Directions for this task ▸
Without including any pictures, reproduce the full listing exactly.

Data provided ▸
--- START ---

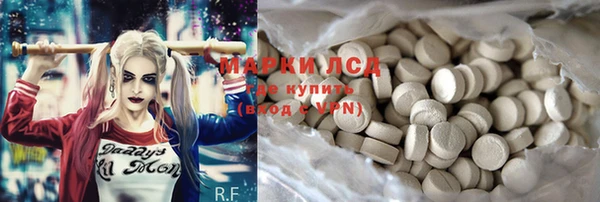 mdma Богданович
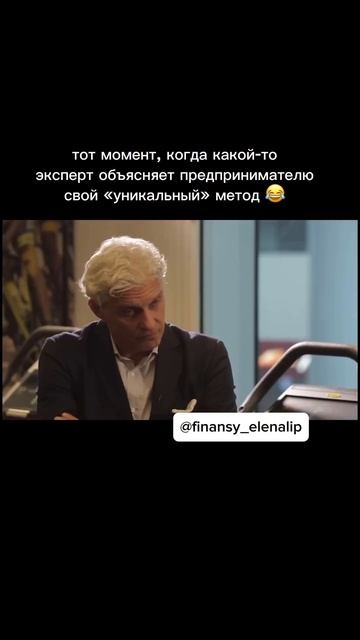 Финансовая грамотность✅обучение #финансоваяграмотн? смотреть онлайн
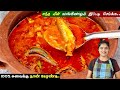மணக்கும் மத்தி மீன் குழம்பு மிக சுவை�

--- END ---

Task result ▸
 mdma Богданович
 Финансовая грамотность✅обучение #финансоваяграмотн? смотреть онлайн
மணக்கும் மத்தி மீன் குழம்பு மிக சுவை�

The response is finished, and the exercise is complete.